• _Entries shown_

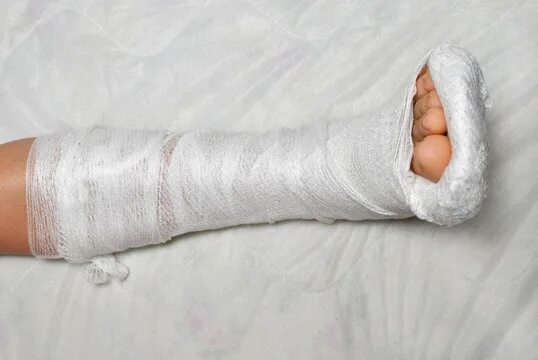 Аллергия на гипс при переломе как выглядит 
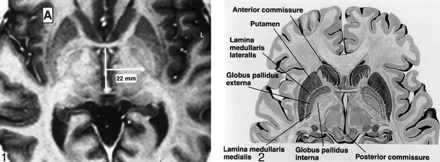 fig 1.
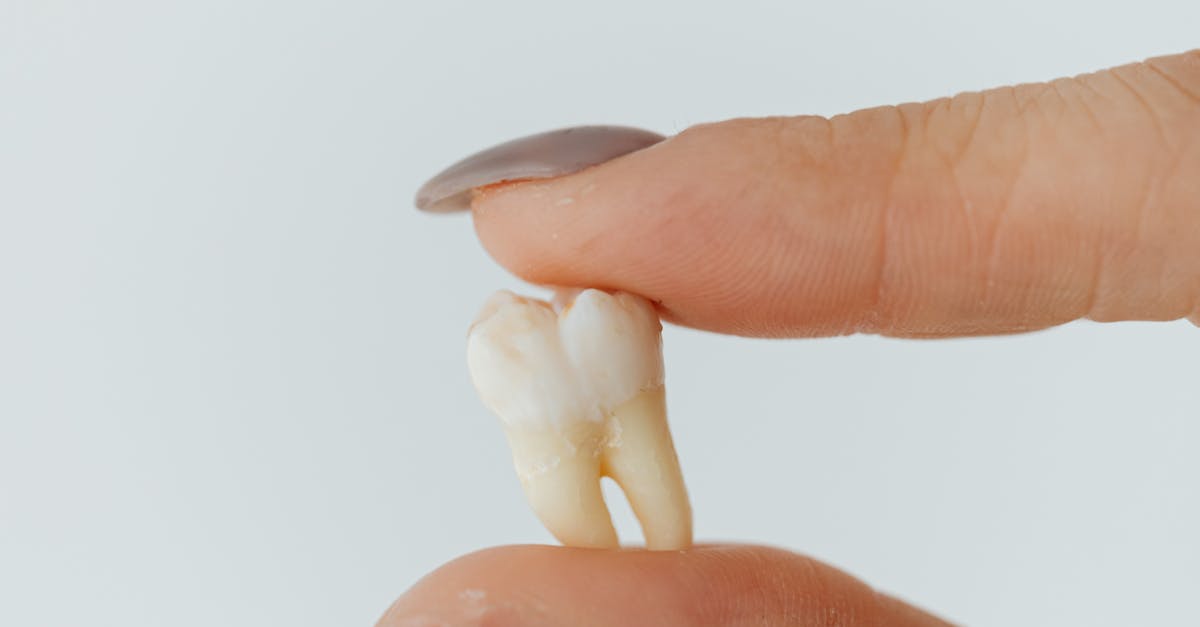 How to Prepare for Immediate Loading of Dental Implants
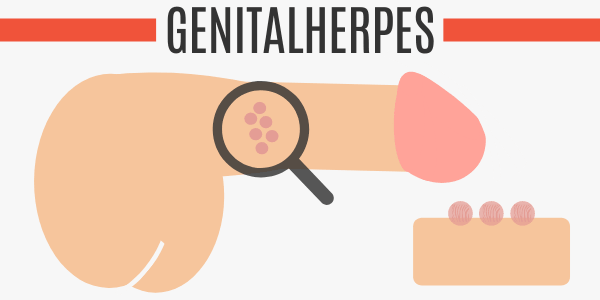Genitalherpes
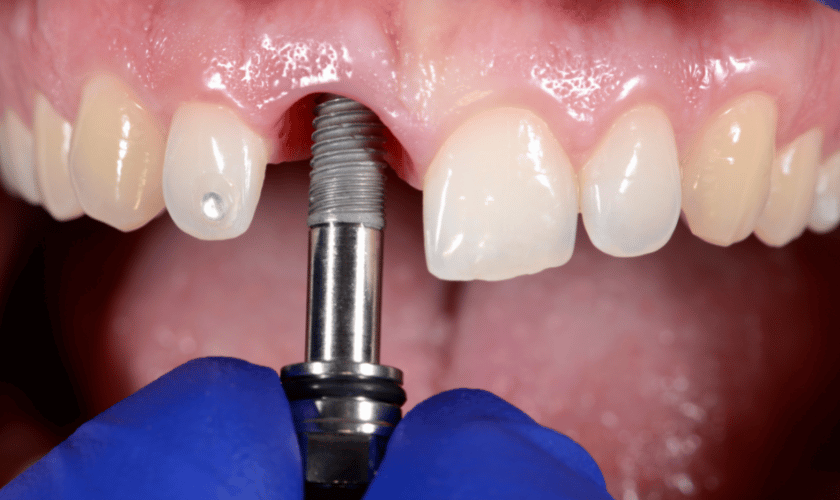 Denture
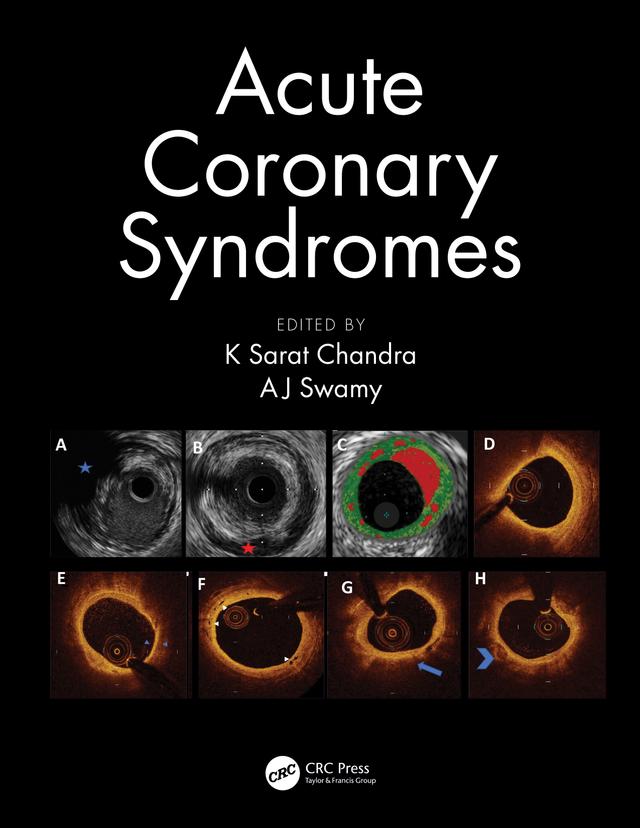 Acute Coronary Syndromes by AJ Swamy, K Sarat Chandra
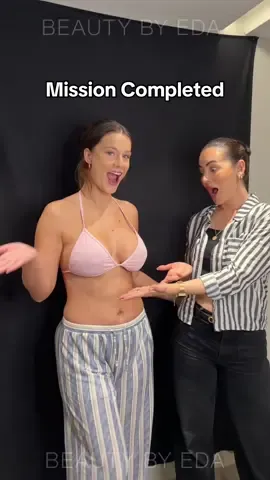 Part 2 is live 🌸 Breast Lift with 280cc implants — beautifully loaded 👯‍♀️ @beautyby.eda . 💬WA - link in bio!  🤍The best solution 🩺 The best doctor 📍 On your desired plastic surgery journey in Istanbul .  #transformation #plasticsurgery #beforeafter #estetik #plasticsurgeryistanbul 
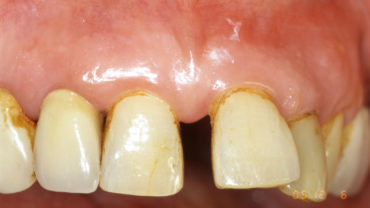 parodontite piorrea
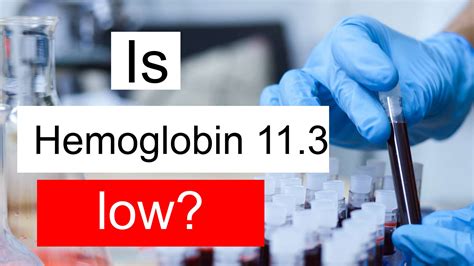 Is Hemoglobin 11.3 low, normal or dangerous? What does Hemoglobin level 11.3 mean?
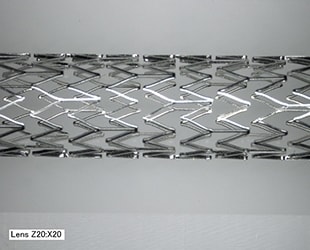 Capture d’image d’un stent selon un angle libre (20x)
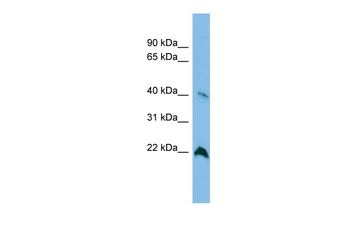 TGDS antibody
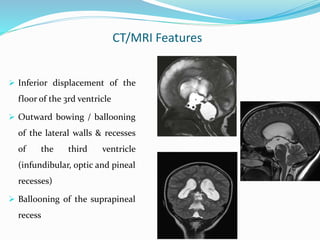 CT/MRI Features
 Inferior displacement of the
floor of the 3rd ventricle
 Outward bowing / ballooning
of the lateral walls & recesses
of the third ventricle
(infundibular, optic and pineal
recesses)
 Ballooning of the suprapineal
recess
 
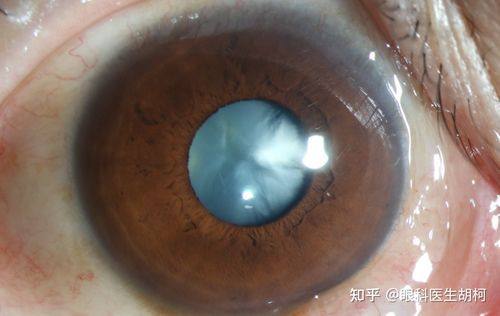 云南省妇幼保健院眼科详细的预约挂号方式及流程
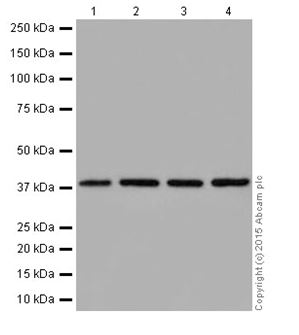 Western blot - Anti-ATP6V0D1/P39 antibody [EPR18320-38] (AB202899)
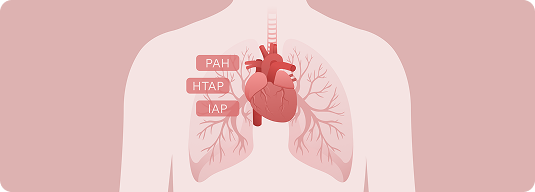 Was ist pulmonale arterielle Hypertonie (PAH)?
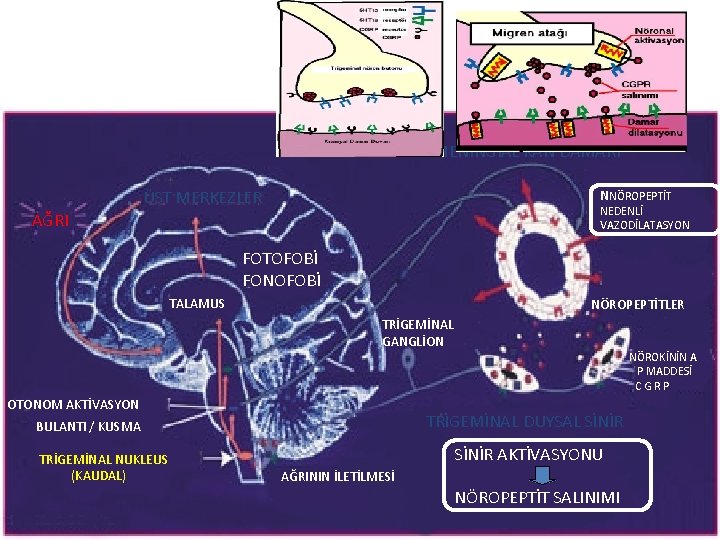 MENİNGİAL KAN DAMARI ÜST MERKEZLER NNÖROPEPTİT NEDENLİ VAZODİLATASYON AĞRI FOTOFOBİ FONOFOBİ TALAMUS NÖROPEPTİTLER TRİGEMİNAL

• _Your instructions_
Filter the entries down to the lines containing "recesses". Copy each of those lines.

• _Result_
of the lateral walls & recesses
recesses)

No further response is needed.